Keywords

1 Introduction

With the recent development of technology such as digital video processing and live streaming, various forms of online classes emerge [4]. Because of the better accessibility and live learning experience, one-on-one class stands out where students are able to not only study materials at their only own pace, but have opportunities to frequently interact with their teachers facially and vocally [3, 13, 15]. Online one-on-one class has demonstrated its personalized education experience as supplements to the traditional training from public schools [14].
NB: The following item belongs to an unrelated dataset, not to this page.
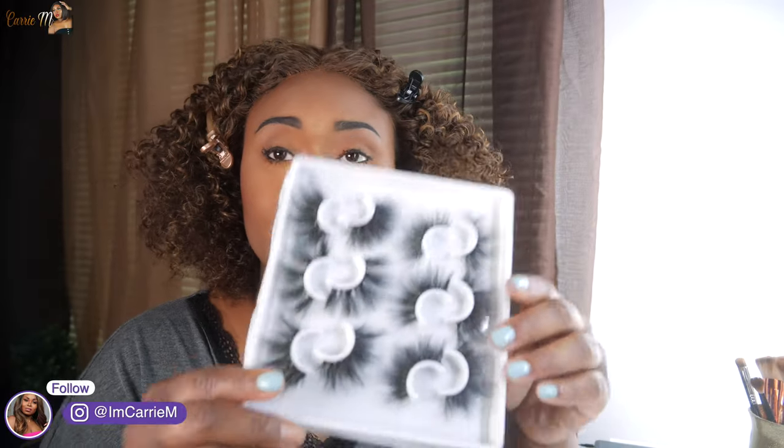The lashes are actually from Amazon — all the lashes I wear are typically from Amazon. It comes with some really cute styles, not sure which style I'm going to put on. So I'm going to apply that and come back with the finished look.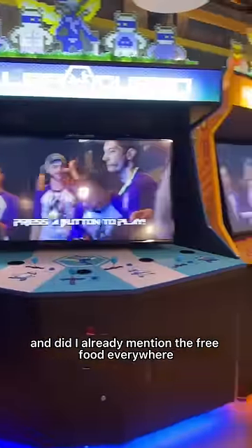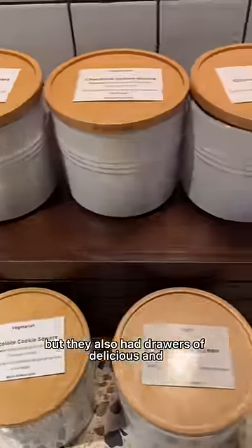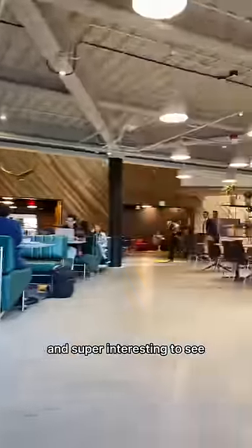They had so many games, and did I already mention the free food everywhere? Because not only did they have free ice cream, cereal, fruit, to-go meals, and candy, but they also had drawers of delicious and nutritious snacks. I may or may not have stolen some because I'm Asian and I love free stuff, but coming from working at a hospital, it's such a different setting and super interesting to see.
In spite of the above benefits, online one-on-one classes pose numerous challenges on instructors. On one hand, the instructor qualifications are significantly different from those in public schools. Public school teachers focus on making sure that the majority students are on track and pass their qualification examinations. While one-on-one instructors need to pay detailed attentions to every single student and adjust their teaching paces, styles, or even contents accordingly. Furthermore, students enroll in one-on-one courses for high-frequency interactions. This requires the teachers to encourage and lead students’ active participations. On the other hand, a large portion of one-on-one participants are academically low-ranking K-12 students. Most of them are eager to study but don’t know how to learn. The one-on-one instructors are responsible to help them build effective study habits. Therefore, in order to scale the qualified supply of one-on-one instructors and provide more effective and personalized education to the general K-12 students, we develop six in-class dialogic instructions for one-on-one class teachers. Moreover, we build an end-to-end system to automatically detect and analyze the proposed pedagogical instructions.

2 Related Work

Many existing methods have been developed to analyze classroom dialogic instructions. Wang et al. identify teacher lecturing, class discussion and student group work in the traditional classroom by asking teachers to wear the LENA system [8] during the class [22]. Donnelly et al. identify occurrences of some key instructional segments, such as Question & Answer, Supervised Seatwork, etc., by using Naive Bayes models [5]. Owens et al. develop Decibel Analysis for Research in Teaching, i.e., DART, to analyzes the volume and variance of classroom recordings to predict the quantity of time spend on single voice (e.g., lecture), multiple voice (e.g., pair discussion), and no voice (e.g., clicker question thinking) activities [17].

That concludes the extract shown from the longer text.